For existing multi-backend functions (e.g. compute_rmsd_matrix, pairwise distances):

  1. Add the implementation in the matching src/mdpp/analysis/_backends/_<kind>.py file, matching the Protocol type defined at the top of that file exactly.
  2. Use require_torch() / require_jax() / require_cupy() from _backends/_imports.py for optional GPU libraries -- never import them at module top-level.
  3. Decorate torch/cupy GPU kernels with @clean_torch_cache / @clean_cupy_cache from _backends/_imports.py so pooled memory is released in a finally block after the kernel runs. Do not apply any cleanup decorator to JAX kernels -- jax.clear_caches() trashes JIT compilation caches and forces slow recompiles.
  4. If you introduce a new keyword argument, also retrofit every existing backend in the same registry to accept it (silently ignoring when unused, marked # noqa: ARG001).
  5. Register in the module's BackendRegistry at the bottom of the file.
  6. Add the backend name to the corresponding Literal alias (DistanceBackend / RMSDBackend / DCCMBackend) in _backends/_registry.py.
  7. Add agreement tests in tests/analysis/test_<kind>.py guarded by the relevant requires_* skip marker and @pytest.mark.gpu (if GPU-only).
  8. Do not change the public function's default backend -- keep compute_distances / compute_rmsd_matrix / featurize_ca_distances defaulting to "mdtraj" and compute_dccm defaulting to "numpy".

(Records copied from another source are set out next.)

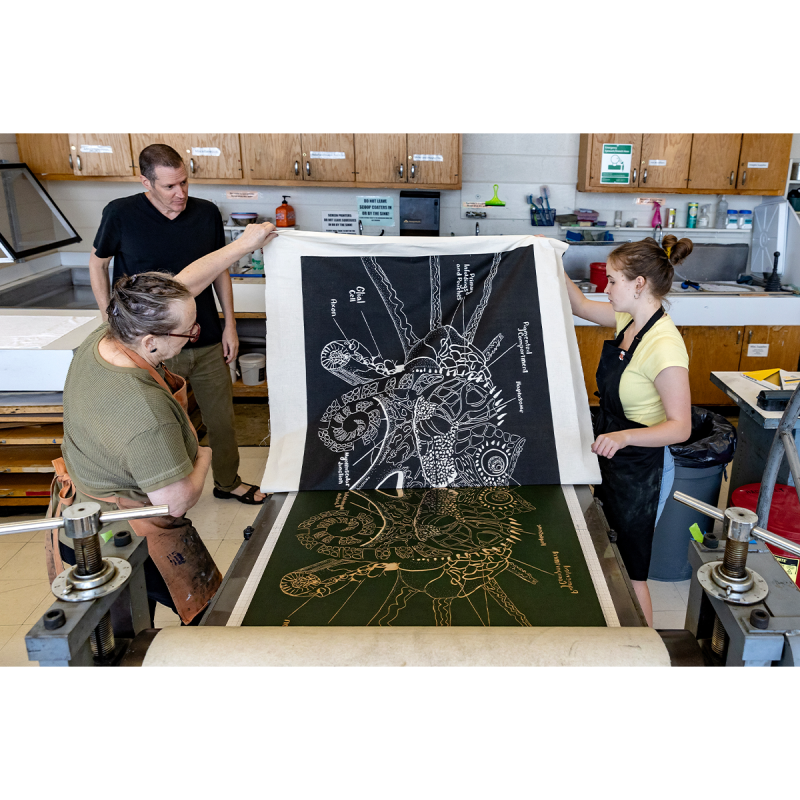 Bob Goldstein and Beth Grabowski helping a student hold off a large piece of art.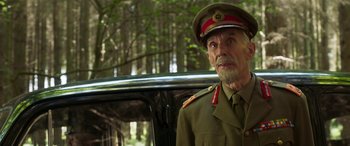 Movie still from “Churchill” (2017), directed by Jonathan Teplitzky – An older man in a military uniform standing next to a car; Medium shot, Over the shoulder angle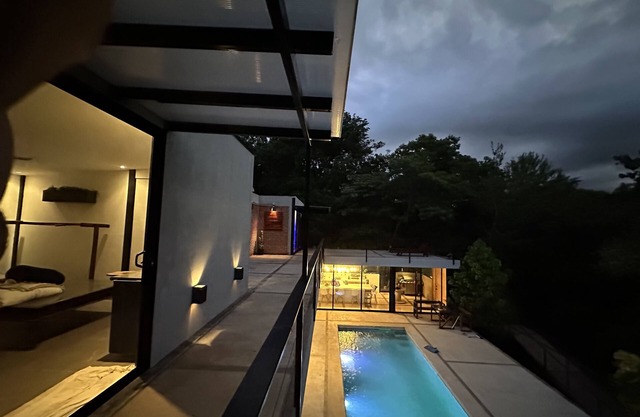 Enjoy privacy and nature in this open concept home and relaxing pool.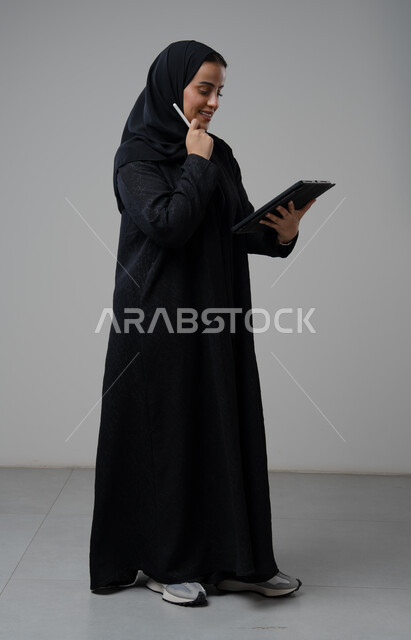 العمل عن بعد، مهنة ووظيفة مكتبية، انجاز وادارة المهام باستخدام جهاز تقني حديث ومتطور, بورتريه لإمرأة عربية خليجية سعودية ترتدي الحجاب والعباءة تعمل على جهاز التابلت، الجسم بالطول الكامل، خلفية رمادية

Adding a New Backend Registry

To introduce a registry for a new multi-backend compute function:

  1. Create src/mdpp/analysis/_backends/_<kind>.py with a Protocol class defining the shared call signature.
  2. Declare the registry as <kind>_backends: BackendRegistry[<Kind>BackendFn] = BackendRegistry(default="mdtraj") (or another sensible no-optional-dep default if mdtraj has no kernel for that computation -- e.g. _dccm.py uses default="numpy"). Always parameterise with the Protocol so callers get typed compute_fn from registry.get().
  3. Add a Literal alias to _backends/_registry.py (type <Kind>Backend = Literal["mdtraj", "numba", ...]) and re-export it from _backends/__init__.py.
  4. The public wrapper in src/mdpp/analysis/<kind>.py imports the registry and delegates via compute_fn = <kind>_backends.get(backend), letting mypy infer the Protocol type at the call site.

Adding a New Chem Function

  1. Create/extend a file in src/mdpp/chem/.
  2. Functions take Chem.rdchem.Mol or SMILES strings as input.
  3. Add exports to src/mdpp/chem/__init__.py.
  4. Write tests in tests/chem/.

Important: Do Not

  • Do not remove dependencies from pyproject.toml [project.dependencies].
  • Do not use relative imports.
  • Do not put test __init__.py files in test directories.
  • Do not modify files in results/ (untracked temporary directory).
  • Do not write custom parsers when a library exists (use panedr, MDAnalysis, etc.).